RECORD EXCERPTS
──────────────────────────────
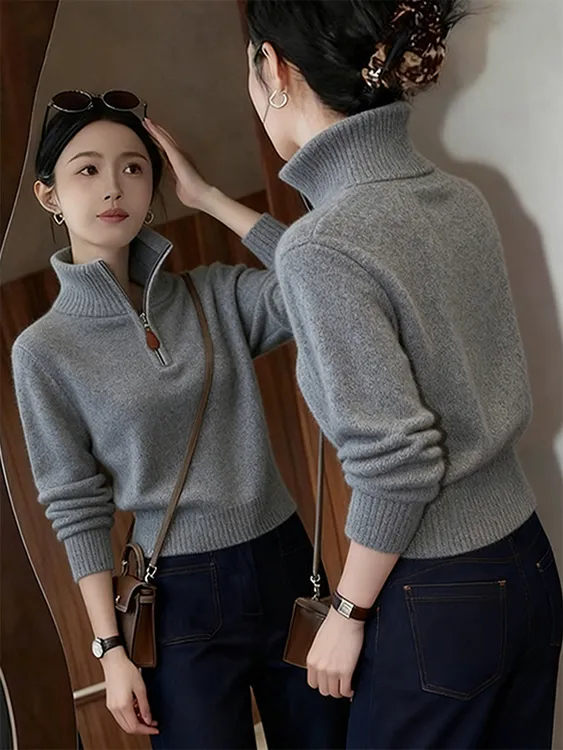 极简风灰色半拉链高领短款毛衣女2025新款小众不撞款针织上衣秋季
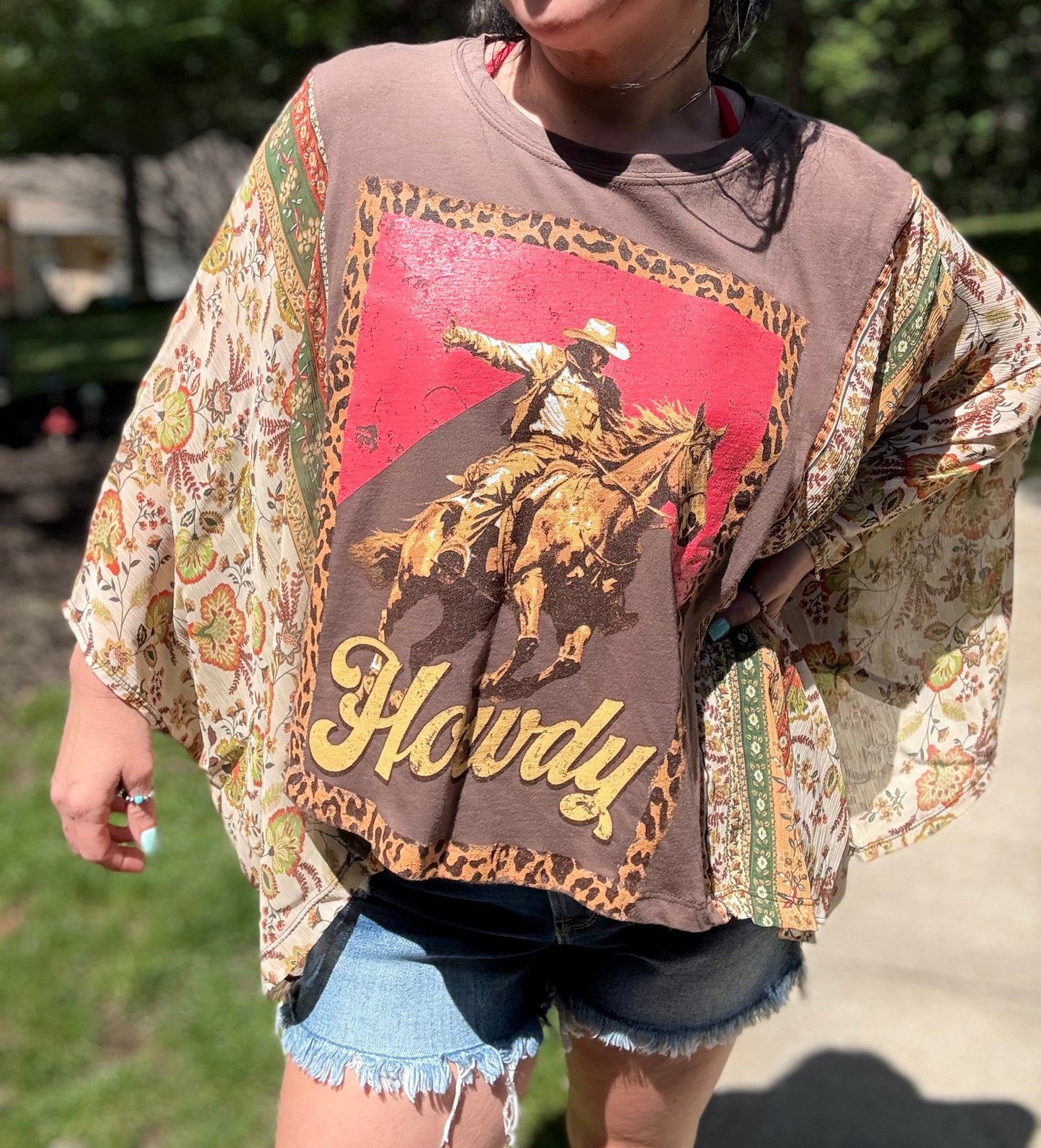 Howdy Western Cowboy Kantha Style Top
──────────────────────────────
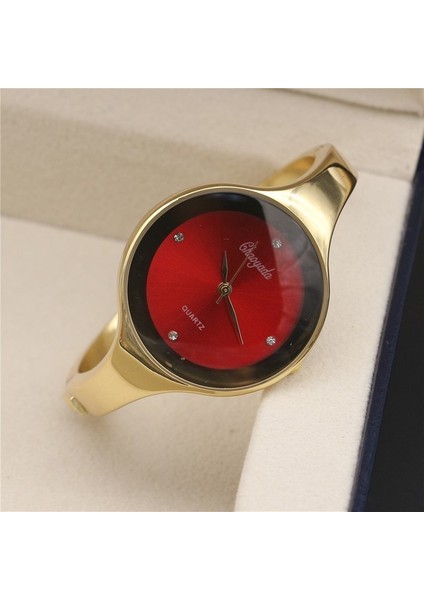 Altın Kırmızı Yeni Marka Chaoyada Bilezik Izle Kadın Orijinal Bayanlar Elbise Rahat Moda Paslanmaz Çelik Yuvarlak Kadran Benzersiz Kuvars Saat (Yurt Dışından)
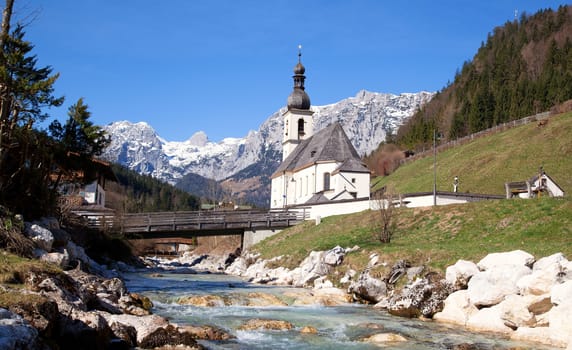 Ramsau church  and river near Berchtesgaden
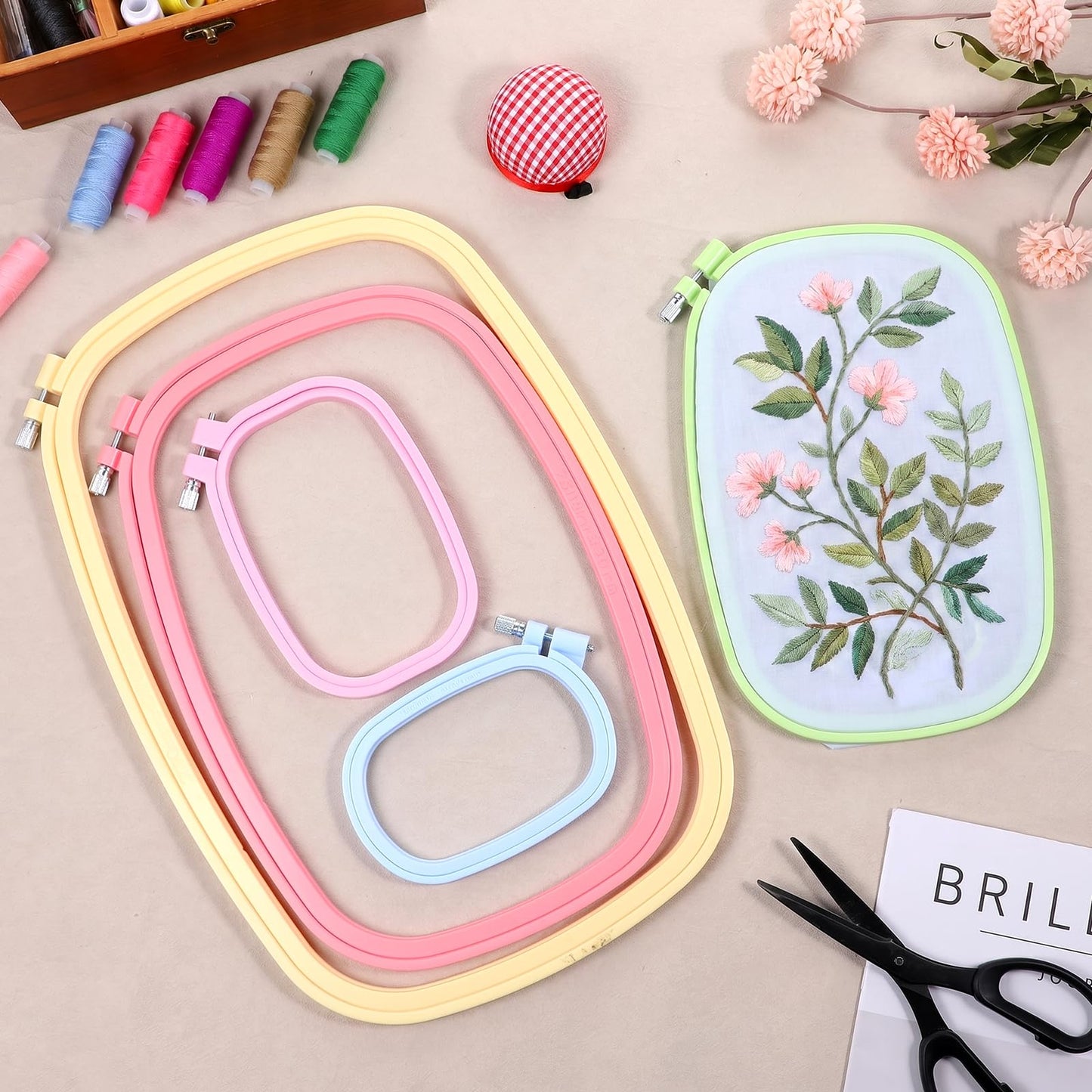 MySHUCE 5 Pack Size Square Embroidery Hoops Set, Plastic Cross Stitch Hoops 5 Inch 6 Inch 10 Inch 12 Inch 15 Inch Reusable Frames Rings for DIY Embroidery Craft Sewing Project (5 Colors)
──────────────────────────────
WHAT IS BEING ASKED
Leaving out the pictures, please output the lines in the entries above from the one with "极简风灰色半拉链高领短款毛衣女2025新款小众不撞款针织上衣秋季" through the one with "Howdy Western Cowboy Kantha Style Top", exactly as they are.

ANSWER
 极简风灰色半拉链高领短款毛衣女2025新款小众不撞款针织上衣秋季
 Howdy Western Cowboy Kantha Style Top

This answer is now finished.